Nyima Tashi, head of the Tibet Academy of Agriculture and Animal Husbandry, said Tibet performed ecological relocation as a key measure to better protect the natural environment and to help poverty-stricken residents get out of poverty, which was closely related to living in extreme high altitude areas.
According to Nyima Tashi, by the end of 2019, Tibet lifted 628,000 impoverished people out of poverty, and all the region's 74 counties and districts were removed from the poverty list.
In terms of ecological relocation project, as of now, more than 260,000 people have moved to their new homes from harsh living environment, and now the region plans to relocate more than 133,000 residents who live in extreme high altitude areas to new settlements.
"Pema is one of the thousands beneficiaries, the old man who originally lived in Kartso township of the region's Tsonyi county, where the average altitude is 5,000 meters above the sea level, and his home was relocated to a lower place in the region's Lhokha city," said Nyima Tashi, adding his livelihood has seen a big improvement by the shift.

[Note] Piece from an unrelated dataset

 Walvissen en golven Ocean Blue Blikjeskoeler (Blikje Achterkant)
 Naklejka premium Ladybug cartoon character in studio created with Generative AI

"The altitude in this new location is 1,400 meters lower than the previous place, with more oxygen, I get more sleep, and I enjoy a better life now," said Pema as quoted by Nyima Tashi.
Nyima Tashi said Tibet is known as the globe's third pole, due to lack of oxygen, and poor infrastructure coverage, places with the average altitude above 4,800 meters were unfit for human existence.
"With regard to poverty alleviation in these extreme high altitude areas, the investment is bigger, and the poverty alleviation work is much harder compared with lower places," Nyima Tashi said.